Pluie
La pluie arrive, décidée à donner l'ambiance de la soirée.
D'abord, des gouttelettes égarées viennent taper aux fenêtres ; puis d'autres, plus lourdes, s'écrasent sur les toits toujours tièdes du soleil d'un après-midi de Juillet.
Tendant le menton, je me tourne vers la gouttière qui chante la venue prochaine du déluge.
Une respiration animale m'enivre de l'odeur de l'eau bue par les poteries brutes des tuiles romaines.
Ma maison diffuse son parfum d'été déposé en touches délicates encore, par quelques nuages indécis.
Il y a le silence et ses points de reliefs, grosses perles transparentes descendues mollement pour donner vie aux pierres des murs et cailloux du chemin.
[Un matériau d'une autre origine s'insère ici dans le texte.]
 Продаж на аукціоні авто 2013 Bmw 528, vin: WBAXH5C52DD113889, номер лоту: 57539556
La lauze se pique de taches sombres sur la terrasse.
Paisiblement, les mains offertes, je goûte les premières larmes de la voûte azurine où se sont échoués les opaques témoins chargés des détresses divines.
Les pleurs, plus nombreux maintenant, unissent les couleurs aux odeurs de terre, d'herbe mouillée et de fleurs.
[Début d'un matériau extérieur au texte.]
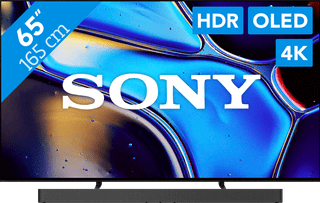 Sony 65 Zoll Bravia 8 OLED 4K (2024) + Soundbar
Le jour est encore lumineux et, dans sa transparence, se découpent les coussins de thym rebondis, les cascades de roses rouges et les platanes insolents.
Soudain, les quelques claquements aux vitres se transforment en violents applaudissements de la nuée encourageant la terre à se gorger de l'eau bénie de la nature. Maintenant le rideau de pluie tombe, lourd de la vie à redonner.
Ruisselant d'abord, le sol accepte le don en flaques boueuses.
D'abricotiers adolescents en ronces emmêlées, mes pensées fondent dans les images qui s'éloignent.
Le bleu limpide est oublié.
D'un ciel d'aquarelle est née cette nuée grisâtre et éplorée.
Le jour quitte à son tour mon paysage, fuyant plus loin que les montagnes qui s'estompent.
La nuit opaque, enfouie sous les masses nuageuses, n'offre plus les éclats des soleils lointains menant aux espoirs d'autres mondes révélés.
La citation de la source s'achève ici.